There has been a spate of litigation in recent years over whether broker dealers can contract out of FINRA arbitration and litigate in court instead. Goldman, Sachs & Co. v. Golden Empire Schools Financing Authority, 764 F.3d 210 (2d Cir. 2014) is a recent example in the Second Circuit. Since 1989 the courts have blessed industry mandated FINRA arbitration as contained in the industry’s standard form customer agreement. Thus, investors effectively have no choice but to resolve investment disputes through arbitration. The industry has benefited from less costly and efficient arbitration and the avoidance of jury verdicts, and until recently, the FINRA rule requiring an industry representative on every panel. The trade off to enforcement of mandatory arbitration in favor of the industry was supposedly a fair and more efficient dispute resolution process for the investor.
Now, however, as FINRA reforms over the years have made arbitration more fair for investors, and as the cases brought against broker dealers have become larger and more complex, the industry is shifting strategy and attempting to have large and complex cases litigated in court. The means of choice for the industry to accomplish this are court forum selection clauses in contracts brokers obtain from the investor in an effort to trump any FINRA arbitration requirement.

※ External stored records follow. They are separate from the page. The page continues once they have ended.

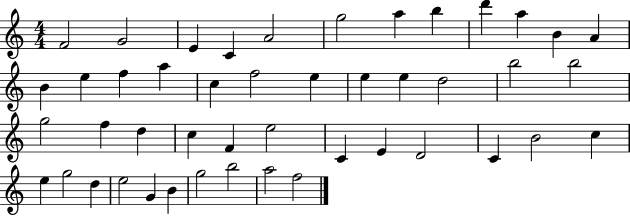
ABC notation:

X:1
T:Untitled
M:4/4
L:1/4
K:C
F2 G2 E C A2 g2 a b d' a B A B e f a c f2 e e e d2 b2 b2 g2 f d c F e2 C E D2 C B2 c e g2 d e2 G B g2 b2 a2 f2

Why would the industry like to be able to escape FINRA arbitration in a large and complex case? The answer lies in the nature of the investment documents usually associated with these cases which investors are required to sign as part of complex investment purchases. These investments typically have standard form risk disclosures which investors must acknowledge before investing. Such disclosures can sometimes be fatal to a court claim where they often form the basis for a motion to dismiss the case before discovery or trial, based on the more stringent pleading requirements of court litigation. In FINRA arbitration, on the other hand, absent rare circumstances, the investor is guaranteed a hearing on her case and motions to dismiss are not allowed.
In addition, in court the broker dealer can not only move to dismiss before trial, if it loses a large case it can move to set it aside before the trial court or on appeal. In FINRA arbitration, any court challenge must meet a very high burden and such challenges are rarely successful.
Why should the industry be able to cherry pick the disputes under which arbitration is required? The court decisions, like the Goldman decision referred to above, turn on principles of contract interpretation, often with no reference or discussion of the basic fairness and public policy implications of giving the industry an escape clause from its own mandated regime, whereas the investor can’t escape. Nor do the court cases adequately, or sometimes not at all, consider the role FINRA arbitration plays to help keep the industry playing by its own rules while avoiding the onerous legal hurtles and costs many investors would face in court.